The BSE Sensex tumbled 873 points, or 1.06%, to settle at 81,186, and the Nifty50 ended 262 points, or 1.05%, lower at 24,684. The broader market also settled in negative terrain, with the Nifty Midcap100 and Smallcap100 indices sliding by 1.62% and 0.94%, respectively.
On the BSE Sensex pack, barring Tata Steel , Infosys , and ITC , all other 27 constituents ended in the red. The top five losers were Eternal (Zomato) , Maruti Suzuki India , Mahindra and Mahindra , UltraTech Cement , and Power Grid Corporation , falling in the range of 2-4%.
On the other hand, Tata Steel, Infosys, and ITC ended marginally above the base line, paring early gains.
On the sectoral front, weakness was widespread as all indices closing in the red. The worst-hit sectors included automobile, consumption, healthcare, media, and financial services, reflecting heavy profit booking.

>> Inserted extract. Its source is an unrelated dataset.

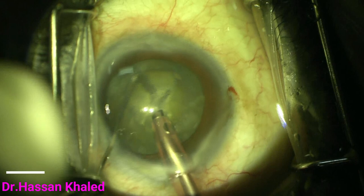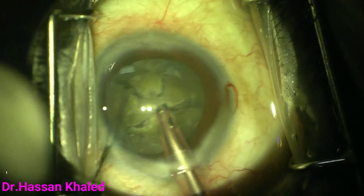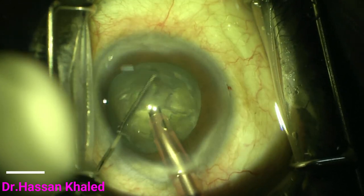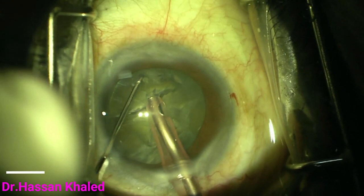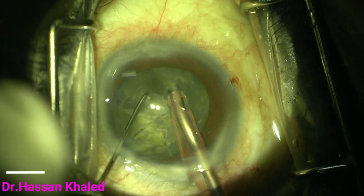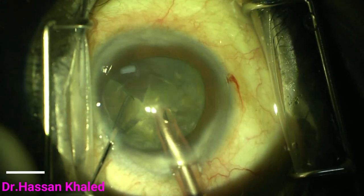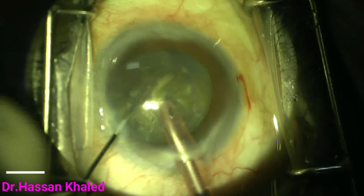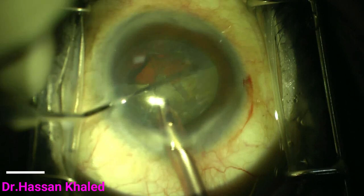This process is repeated over and over until the nucleus becomes progressively smaller, looking like pie-shaped pieces by the end of chopping. I then hold each piece and emulsify it. The place of emulsification is sub-capsular at the level of the iris, which is a safe place as it is away from the corneal endothelium and the posterior capsule.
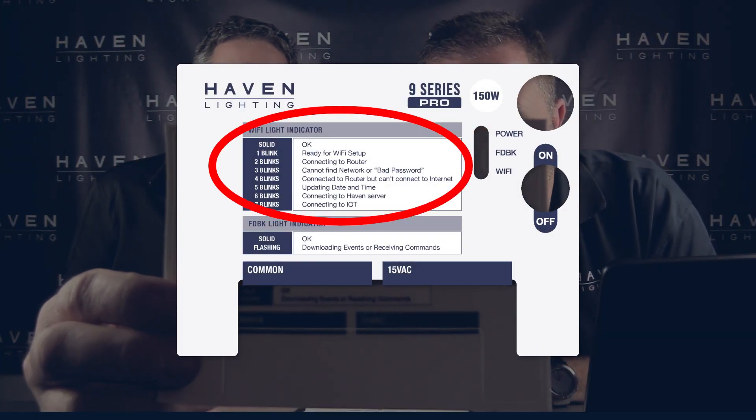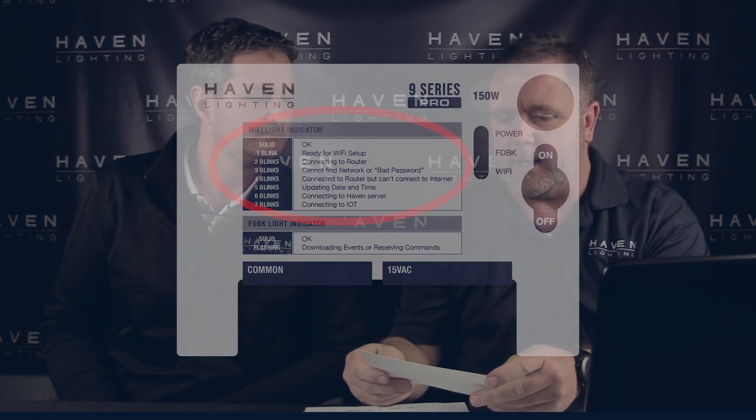One of the things that's handy about our controllers is that we have the Wi-Fi LED with blink codes. It'll blink a certain number of times and tell you exactly what it's trying to do. On all of our transformers, it will list the actual blink codes and what they mean — right on the front panel, right next to the Wi-Fi light. If it's blinking twice, it's trying to connect to the router. If it's blinking three times, it can't find the network or has a bad password. Very handy troubleshooting guide.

“Selling pressure was widespread as participants awaited more clarity on the India-U.S. trade agreement. Given the current premium valuations and delays in the trade deal, we foresee a phase of short-term consolidation, which may lead FIIs to scale back their positions in the domestic market," said Vinod Nair, Head of Research, Geojit Investments.
Ajit Mishra – SVP, Research, Religare Broking, said the decline reflects rising caution among market participants in the absence of any major domestic triggers and amid global uncertainties. Intermediate volatility in the US markets and concerns over the potential impact of the US-China trade deal on foreign institutional inflows into emerging markets, including India, also weighed on sentiment, he said.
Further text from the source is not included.